I have changed my mind for 560ti and going for a single AMD HD 7870. Should I stick to the PSU I chose or is it overkill? (I dont plan on a second card soon but I am definitely going to OC my components)


----------



## saikiasunny (Jul 2, 2012)

Get the storm trooper. The spedo is a little outdated . For psu get something from the corsair tx or hx series or the CM silent pro-m will be good too. 650w will be enough for the rig.


----------



## warfreak (Jul 3, 2012)

> For psu get something from the corsair tx or hx series or the CM silent pro-m will be good too. 650w will be enough for the rig.



What is the difference between tx and hx series? I see there is almost 2k of price difference between the two.


----------



## the_conqueror (Jul 3, 2012)

TX is non modular, HX is semi-modular.


----------



## saikiasunny (Jul 3, 2012)

Also the hx650 offers 4 pcie connectors compared to the tx series.


----------



## MegaMind (Jul 7, 2012)

The Sorcerer said:


> CM Storm Trooper gets another vote.



How about storm stryker?


----------



## saikiasunny (Jul 7, 2012)

MegaMind said:


> How about storm stryker?



Same cabby as the trooper, with a great white theme. But won't it take time to arrive on indian shores?


----------



## MegaMind (Jul 7, 2012)

saikiasunny said:


> Same cabby as the trooper, with a great white theme. But won't it take time to arrive on indian shores?



Cooler Master Storm Stryker


----------



## saikiasunny (Jul 7, 2012)

^^ thanks for informing me megamind . OP get the cm stryker now


----------



## d6bmg (Jul 8, 2012)

MegaMind said:


> Cooler Master Storm Stryker



Why there is no warranty? 
May be because it is not launched formally in India? 

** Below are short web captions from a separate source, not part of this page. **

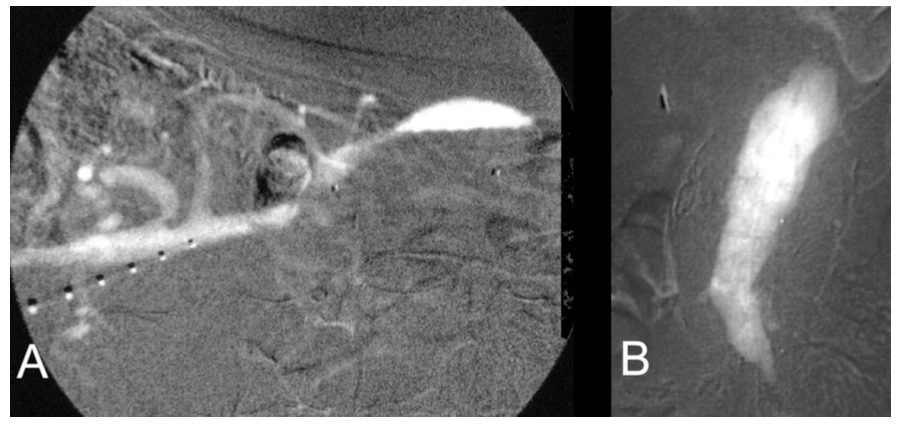 Caridi Digital Subtraction Angiography Figure 8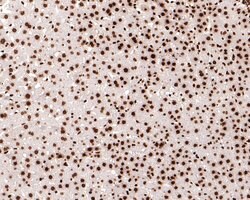 Invitrogen H3K18ac Monoclonal Antibody (A7B5) 100 &mu;L; Unconjugated:Antibodies,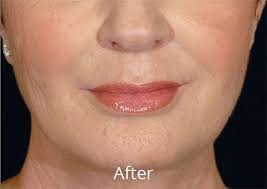 do lip fillers permanently stretch your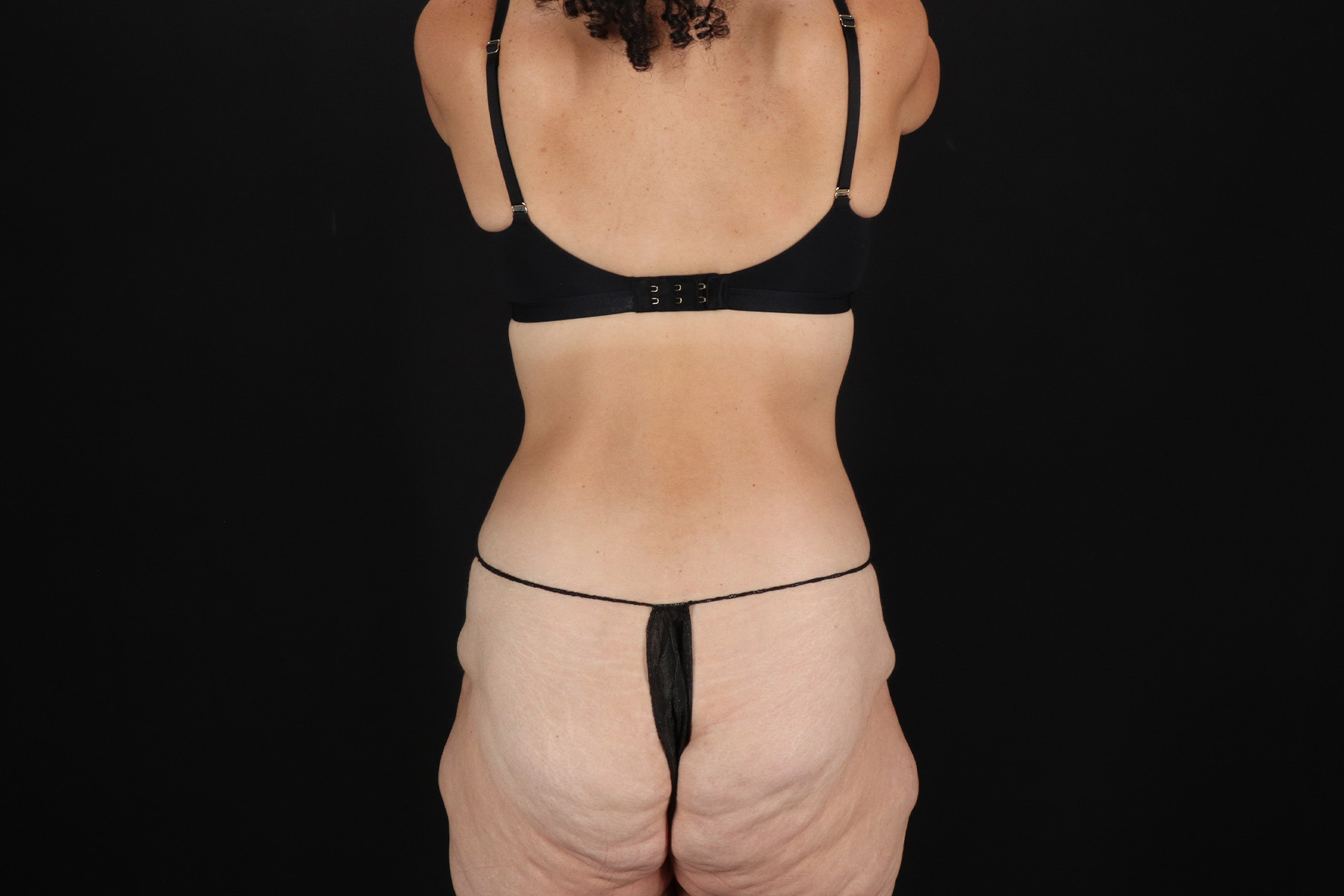 Circumferential Body Lift Before & After Patient #4493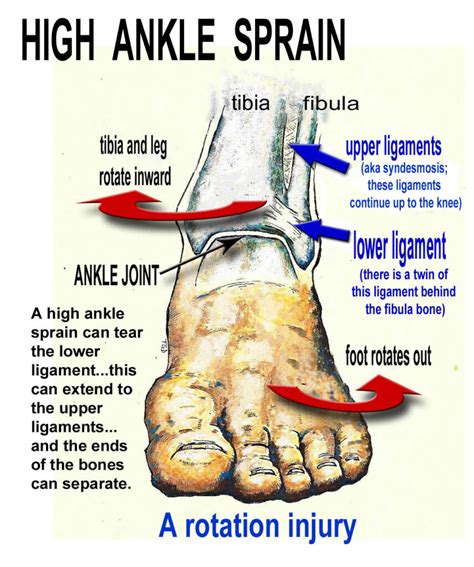 High Ankle Sprain - Motus Physical Therapy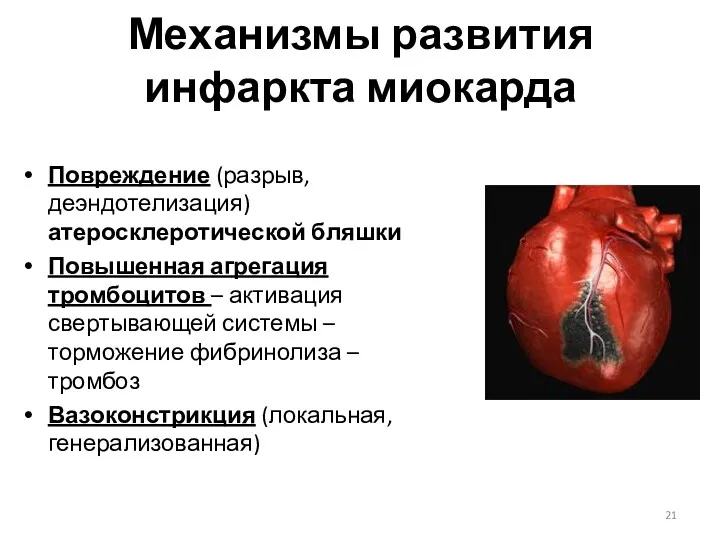 Механизмы развития инфаркта миокарда Повреждение (разрыв, деэндотелизация) атеросклеротической бляшки Повышенная агрегация тромбоцитов –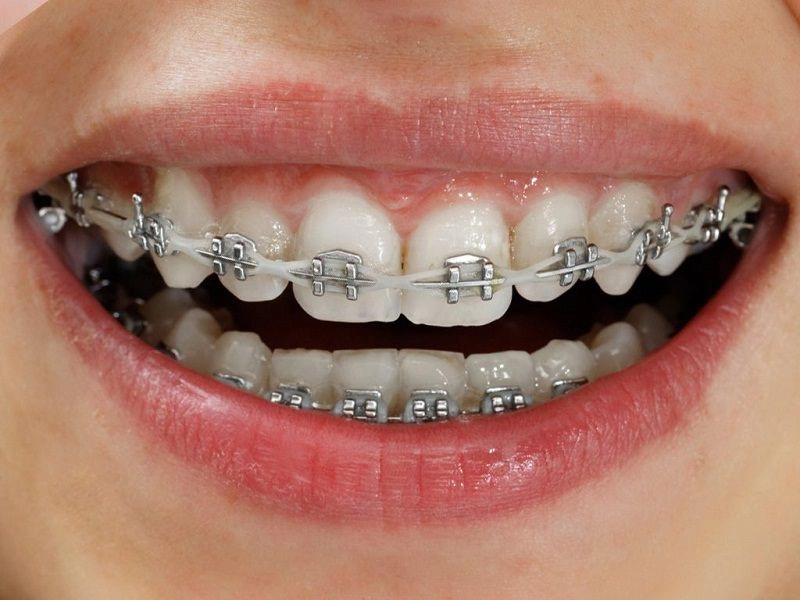 Niềng răng mắc cài sử dụng các khí cụ giúp kéo răng về đúng vị trí của nó.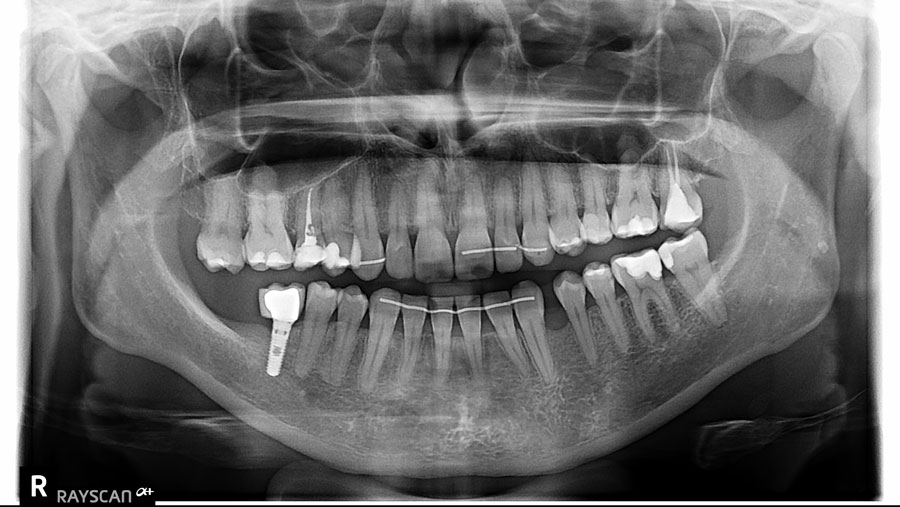 Zdjęcie-ortogonalne-zębów-2D-tomografia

@The Sorcerer: Can you enlighten us about this matter?


----------



## The Sorcerer (Jul 8, 2012)

Well- its not listed in Coolermaster India's site- so most likely they must have directly imported it themselves rather than via the distribution channel. CM India didn't give me a heads-up about the availability of this case here so I don't think its here...

You can ask in CM India's facebook page though they're pretty regular when it comes to replying back...


----------



## d6bmg (Jul 9, 2012)

^ Thanks for the tip. Just posted in their fb page. Let see what answer they come up with.


----------



## The Sorcerer (Jul 9, 2012)

There's no need to . Sanket from Coolermaster already mentioned it one of the replies of the posts there that stryker is available now and its via SMC. Personally I doubt a single store can import a heavy case like that and sell it on that price- unless he's a large sized distributor. Chances are that its a typo. Just call them and confirm it. Maybe its parallel import, maybe its not. If its questionable then order it via SMC.

Problem solved.


----------



## The Sorcerer (Jul 16, 2012)

This is what IT Depot said:
Hi Roshan

I have read some of your articles on your blog and have heard about you through the tech enclave channel. There was this matter brought up to me regarding the cooler master cabinet for which we had mentioned as "no warranty" and you had mentioned that it has two years warranty. Our team had checked and then they came up to me stating that the distributor is saying that there is no warranty I had told them to double check. Now they have come back and said that it does not have any warranty.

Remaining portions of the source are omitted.